Over the last 7 days, we've had sex on six nights. On one of them, we had agreed not to, but I changed my mind just as we were about to fall asleep and that kept us up for a couple more hours.

As the sex got better, lots of other things started turning around, too.  We actually wanted to be around each other more. We started talking more.

It didn't solve all of our problems, though.  Hubby is still too clingy, afraid that I'm going to take off and find another man...and, ultimately, leave him.  He has a reason to be concerned.  I won't leave him., but I have not lost my desire for my honey...or J, or P. or B, or C.....or...... As you can see, PWK is still here and going strong.

A couple of nights ago, we discussed a new "problem" we have.  We need to adjust our "act like we were newly together" plan because the sex now is much better than it was when we were newly together.  Huh? How can that be? Sounds crazy, huh?  I always thought that people were supposed to be on track for divorce when affairs were discovered, but that's not what has happened for us. The man who seemed to have lost interest in me sexually is now pursuing me and is trying as hard as he can to keep me interested in him and not in other men.

Now, we're looking to the future and wondering where it goes from here. You never really know what's going to happen in life, do you?

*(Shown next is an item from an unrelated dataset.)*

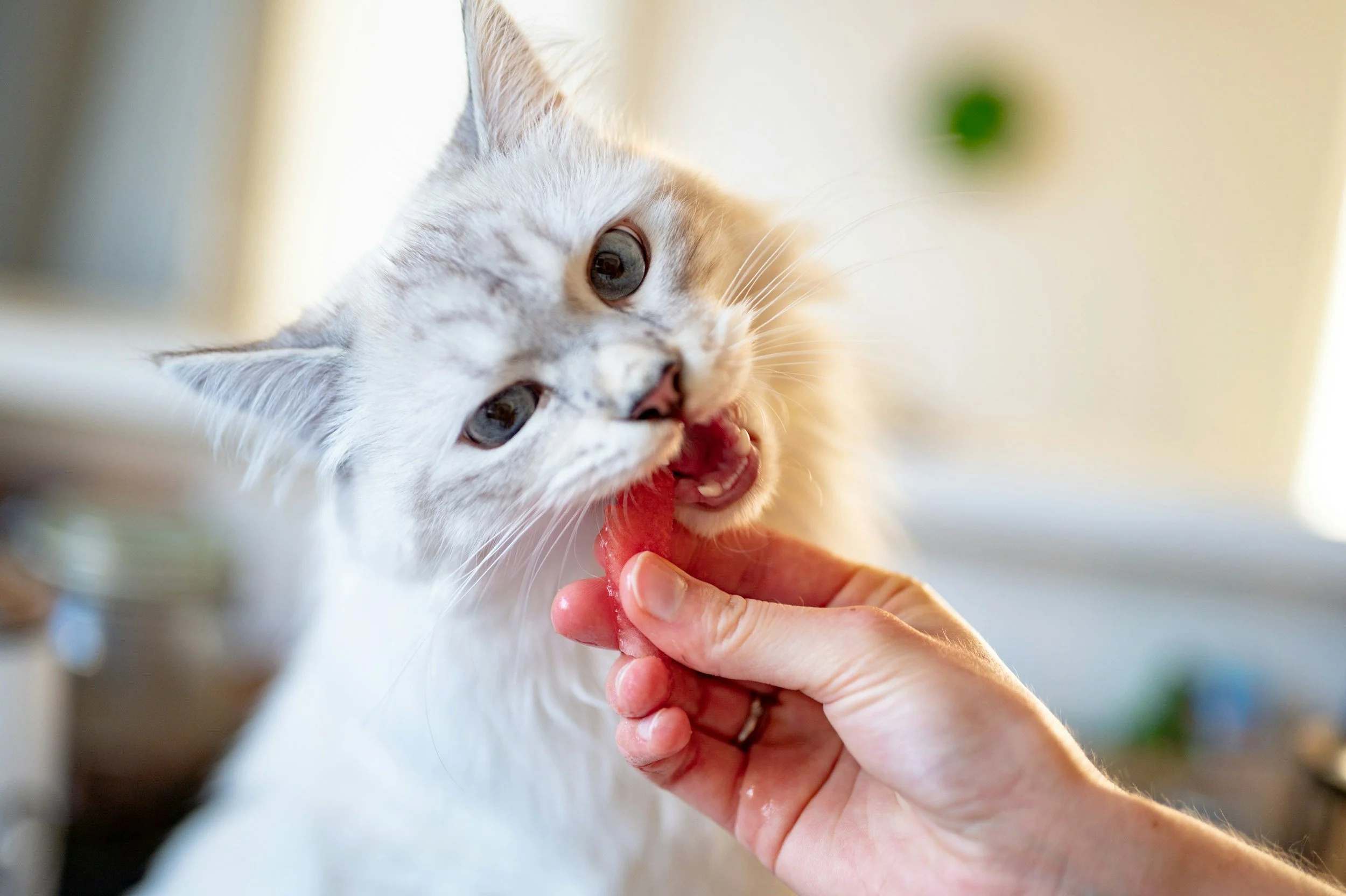 White cat with blue eyes being fed a slice of deli meat.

I'd better get writing.  I have some hot sex posts to write.

5 comments:

Naughty Kitty said...

Good for you! I'm jealous...once again.

Lorelei said...

Fantastic post. It can be hard to find ways to view the people we love and want to be with in the way we initially viewed them. I'm reading a great book now called Mating in Captivity that's a lot about that. Glad that you've been having steamy (and frequent!) sex.

Anonymous said...

I'm glad you posted this; it gives me some ideas as to what I can do to be sexually interested in my husband again.

Anonymous said...

Congrats Kat! You've discovered a part of the truth about the myth that having sex with the same person is like eating the same cracker (or the same flavor of ice cream) forever.

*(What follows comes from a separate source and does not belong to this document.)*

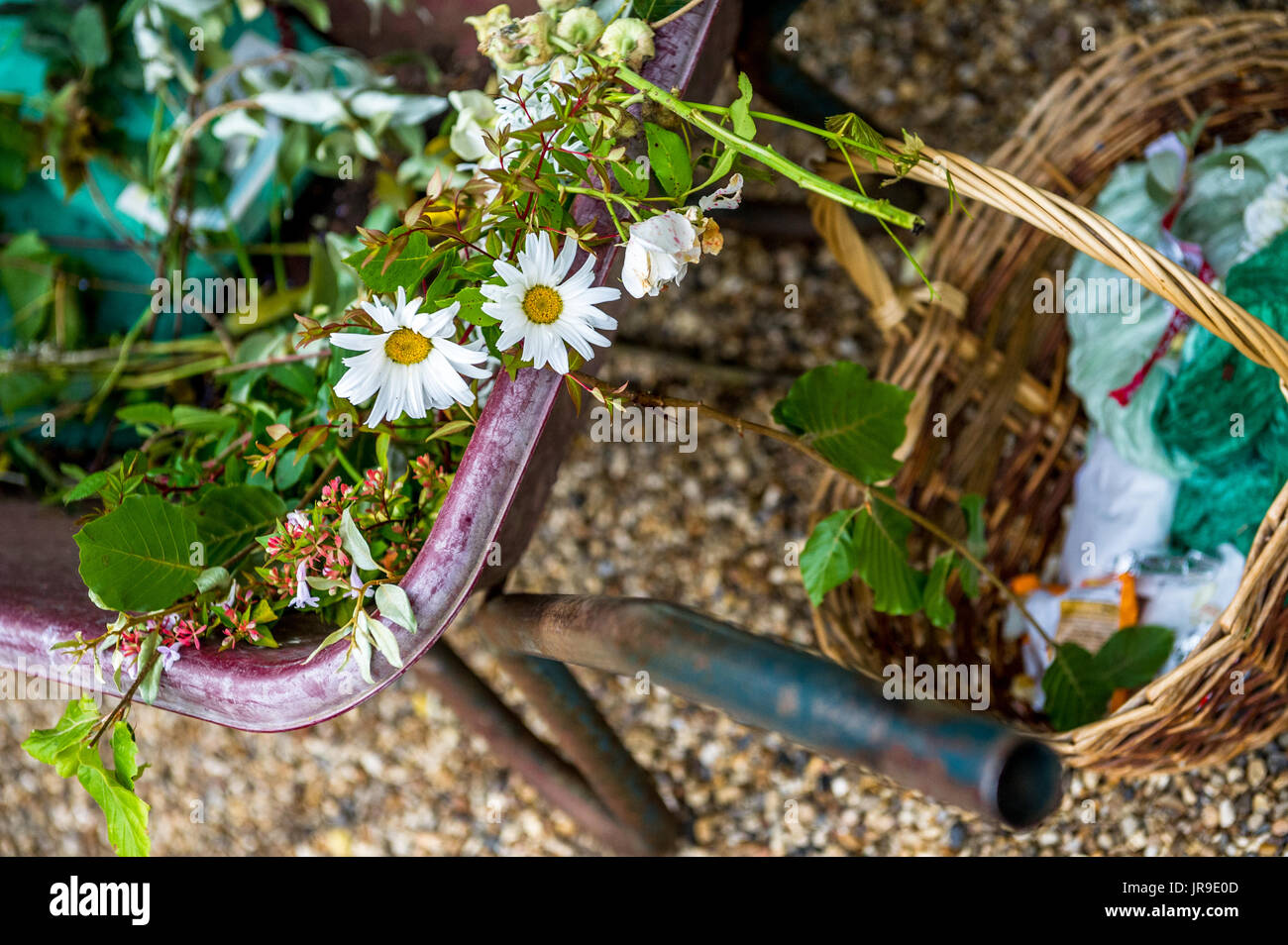 Cut Oxeye daisies in a wheel barrow. Stock Photo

On the contrary, the woman's body is like a musical instrument. One that you can strive to master in all its beauty and glory. The playing never stops, but you continue to get better and better ... :)

Anonymous said...

Very definitely want to follow this now. Having come from an open relationship, I can say that it is possible for that to work, and work very well, if you can trust each other and get over the natural human fear of being replaced. If you can trust each other and remember that it is not and never should be a competition with your other lovers, an open relationship can be very rewarding. If you allow it to become a competition with your partner's other lovers, you're doomed.